MBS SI MONTA LA TESTA
Certo, l'inflazione, la guerra in Ucraina che ha fatto schizzare il prezzo del petrolio, tutto quello che volete, ma il Pil saudita nel 2022 è salito, secondo le ultime stime, dell'8,5%, con punte dell'8,8% nel terzo trimestre. Nessuno ha fatto meglio al mondo, nemmeno l'affannata Cina, e il principe si è giustamente montato la testa. Si è perfino permesso il lusso di trattare Joe Biden come fosse il capo di Stato di un Paese qualsiasi, di umiliarlo rifiutandosi di abbassare il prezzo del petrolio che era quello che il presidente americano aveva richiesto con la sua discussa visita a Jeddah. In compenso solo un mese fa ha accolto nella capitale il presidente Xi Jinping con tutti gli onori facendo chiaramente capire che d'ora in poi l'Arabia Saudita deve essere trattata come un Paese pari e totalmente indipendente, e non più un satellite degli Stati Uniti, un Paese capace anche di riposizionarsi nello scacchiere mondiale a seconda della sua convenienza e non di quella di Washington.

 

 


Il 2022 è stato anche l'anno del Mondiale in Qatar, simbolo di una sostituzione Europa-Medio Oriente che a livello calcistico è già avanzata. A tale trionfo degli odiati vicini qatarioti, i sauditi hanno risposto con l'acquisto di Ronaldo, esempio vivente della "Nuova Europa" del Golfo costruita con i miliardi del petrolio. E il 18 gennaio a Riad si gioca la Supercoppa italiana, fra Milan e Inter.
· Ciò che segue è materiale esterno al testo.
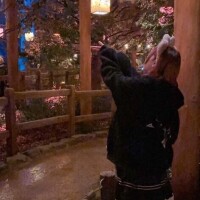 あむ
In mancanza di quella civiltà millenaria che ha edificato il Vecchio Continente, Riad si è comprato un Leonardo Da Vinci del pallone, nell'illusione che un dribbling valga la Gioconda e che attorno alla stella portoghese possa nascere il Rinascimento saudita. Inutile dirlo, la forza dell'Arabia Saudita, e di tutti i Paesi del Golfo, rimane ovviamente il petrolio (e il gas nel caso del Qatar), ma è anche l'anello debole del piano di Mohammed Bin Salman che conta di sganciare il suo Paese dalla dipendenza dell'oro nero in pochi anni.


PETROLIO
Il Saudi Vision 2030 punta sulla diversificazione dell'economia, conta di sviluppare settori dei servizi pubblici come sanità, istruzione , infrastrutture, attività ricreative e turismo. Si prefigge di trasformare il Paese rendendolo, oltre al «cuore del mondo arabo e islamico», una potenza di investimento globale e l'hub che collega l'Africa e l'Eurasia. «Un Paese completamente diverso» che però a oggi, nel 2023, dipende ancora per il 75% dai suoi pozzi.